● ABOUT THIS EXERCISE:
The part below that opens with the line containing "Crochet Fisherman Beanie" and closes with the line containing "韩国进口冬季女童时尚过膝中长款连帽羽绒服毛领鸭绒鹅绒保暖外套" should be copied exactly, minus any pictures.

● AVAILABLE RECORDS:
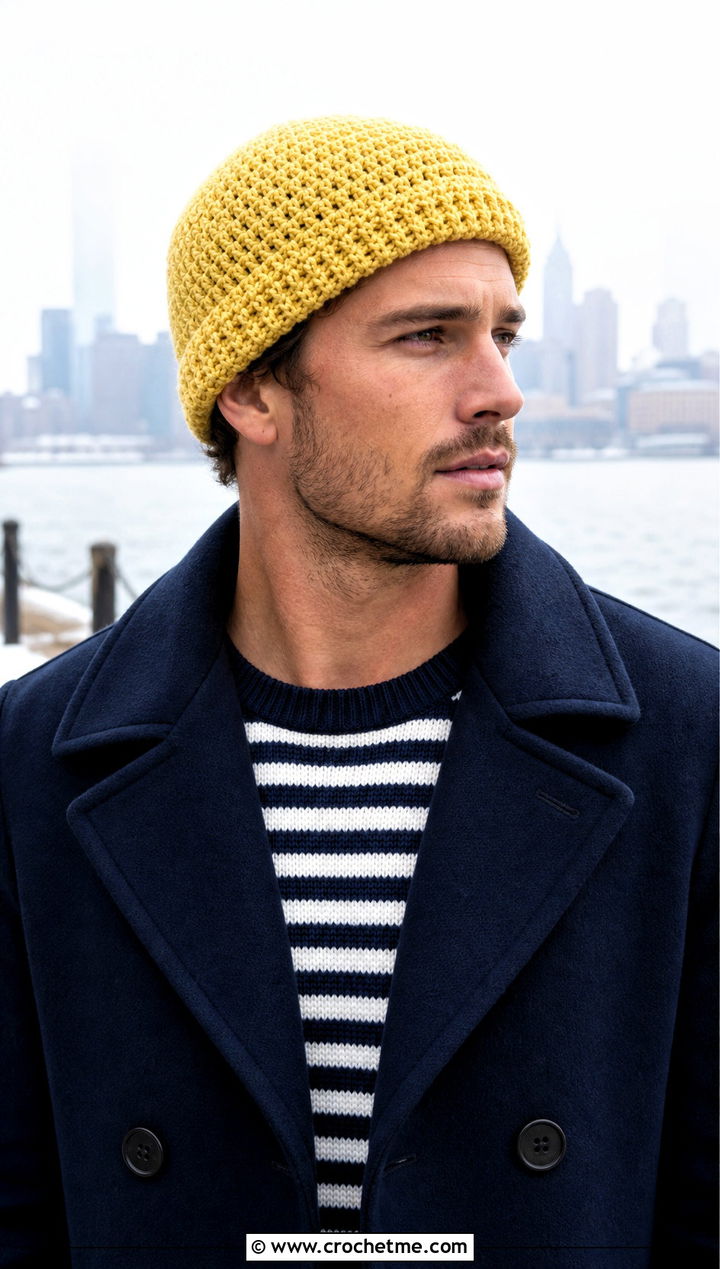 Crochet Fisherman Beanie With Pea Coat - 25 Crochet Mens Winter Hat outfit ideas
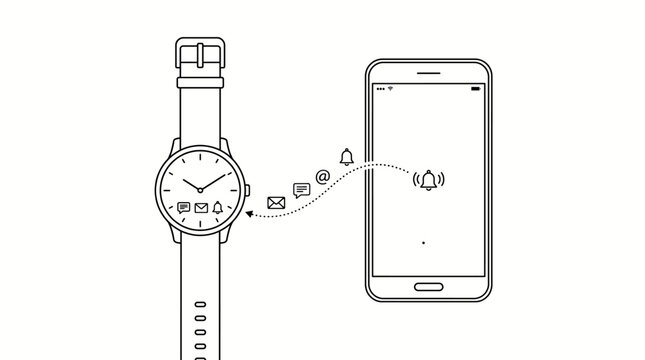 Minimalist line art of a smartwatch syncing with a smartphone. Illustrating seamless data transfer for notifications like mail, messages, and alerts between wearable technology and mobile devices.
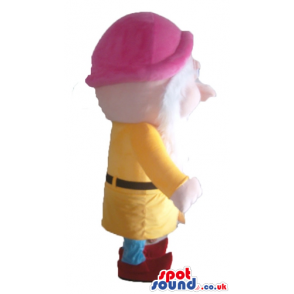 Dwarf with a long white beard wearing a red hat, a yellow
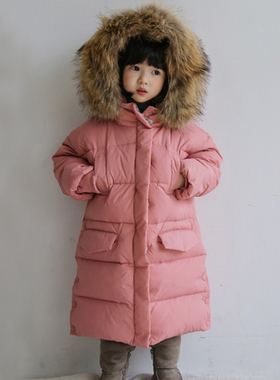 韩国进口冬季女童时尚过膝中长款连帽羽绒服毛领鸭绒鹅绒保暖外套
* * *
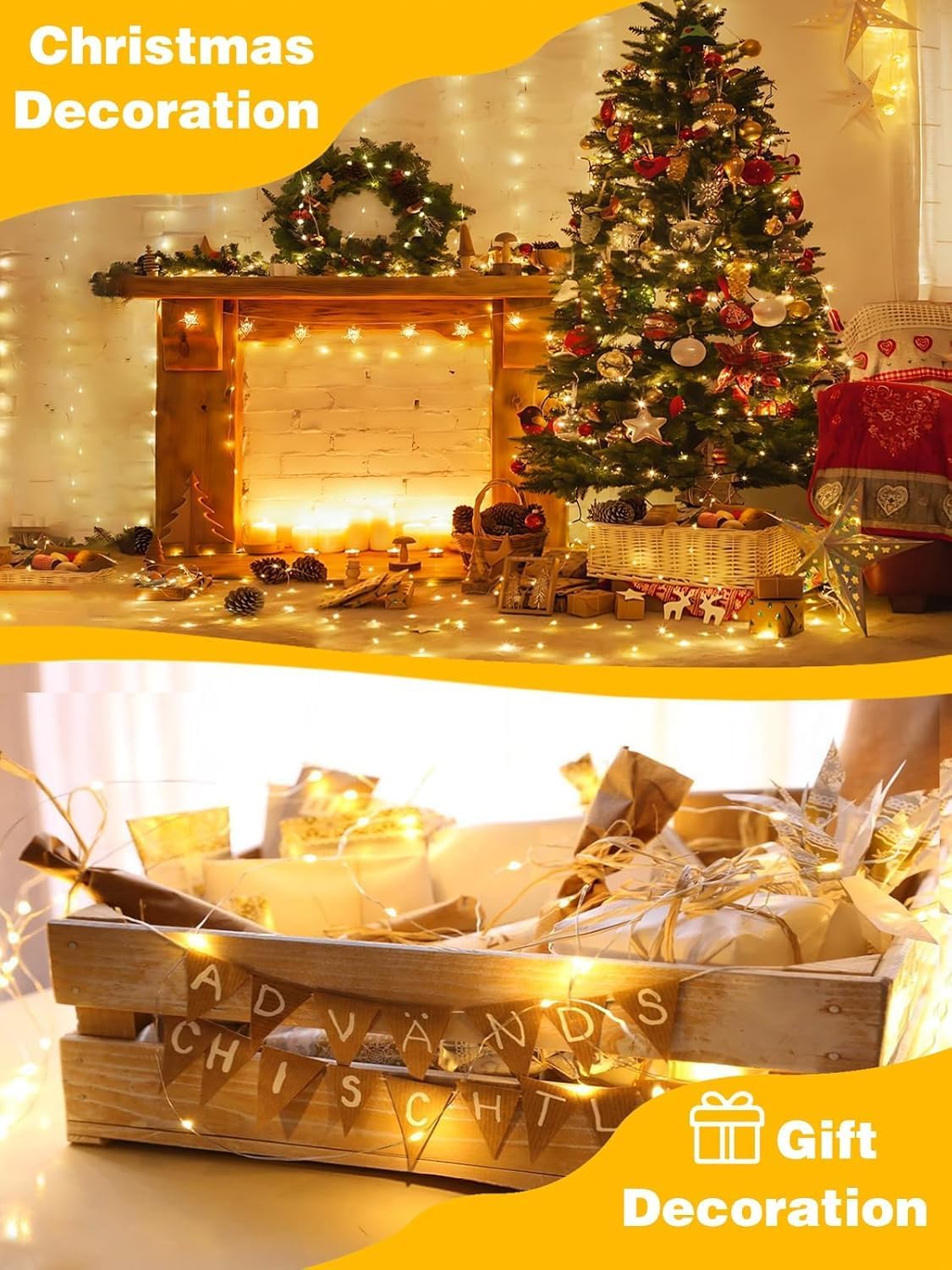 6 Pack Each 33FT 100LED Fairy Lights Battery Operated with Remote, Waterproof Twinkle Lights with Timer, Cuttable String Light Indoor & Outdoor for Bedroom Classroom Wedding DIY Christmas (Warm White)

● YOUR SOLUTION:
 Crochet Fisherman Beanie With Pea Coat - 25 Crochet Mens Winter Hat outfit ideas
 Minimalist line art of a smartwatch syncing with a smartphone. Illustrating seamless data transfer for notifications like mail, messages, and alerts between wearable technology and mobile devices.
 Dwarf with a long white beard wearing a red hat, a yellow
 韩国进口冬季女童时尚过膝中长款连帽羽绒服毛领鸭绒鹅绒保暖外套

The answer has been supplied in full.